Q&A 11 How do you interpret GWAS model results with PCA covariates?
11.1 Explanation
Once a GWAS model is fitted using a phenotype (e.g., Plant height), a SNP, and population structure covariates (e.g., PC1–PC3), we interpret the results using the model summary. The key values to look for are:
- Estimate: The effect size of each variable
- Pr(>|t|): The p-value, used to determine significance
- R-squared: The proportion of variation in the trait explained by the model
- Residuals: The spread of errors not explained by the model
This example tests the association between SNP id1000007 and Plant height, adjusting for PC1 to PC3.

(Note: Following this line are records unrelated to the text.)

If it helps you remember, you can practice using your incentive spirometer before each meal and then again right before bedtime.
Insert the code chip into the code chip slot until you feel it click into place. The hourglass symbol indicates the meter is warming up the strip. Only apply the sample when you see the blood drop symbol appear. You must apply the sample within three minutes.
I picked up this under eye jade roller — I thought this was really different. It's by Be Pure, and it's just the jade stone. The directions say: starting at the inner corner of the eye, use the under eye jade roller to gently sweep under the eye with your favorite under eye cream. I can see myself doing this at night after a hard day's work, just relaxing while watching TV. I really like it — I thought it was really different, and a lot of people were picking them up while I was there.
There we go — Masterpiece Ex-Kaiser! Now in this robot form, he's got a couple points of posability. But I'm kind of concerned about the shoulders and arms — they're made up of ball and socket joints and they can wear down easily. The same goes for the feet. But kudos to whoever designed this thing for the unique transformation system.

11.2 R Model Output Summary
| Coefficient | Estimate | Std. Error | t value | Pr(> | t |
|---|---|---|---|---|---|
| (Intercept) | 115.83448 | 1.04707 | 110.63 | < 2e-16 | *** |
| id1000007 | 2.17767 | 1.54100 | 1.413 | 0.158 | |
| PC1 | 0.20502 | 0.02761 | 7.426 | 7.49e-13 | *** |
| PC2 | -0.19534 | 0.04436 | -4.404 | 1.39e-05 | *** |
| PC3 | -0.29738 | 0.07399 | -4.019 | 7.05e-05 | *** |
Model Fit:
- Residual standard error: 18.63
- Degrees of freedom: 378
- R-squared: 0.2277
- Adjusted R-squared: 0.2195
- F-statistic: 27.86 on 4 and 378 DF
- Overall p-value: < 2.2e-16
✅ Takeaway: This SNP is not significant (
p = 0.158), but PCs show strong association with plant height. Controlling for population structure is essential to avoid false signals in GWAS.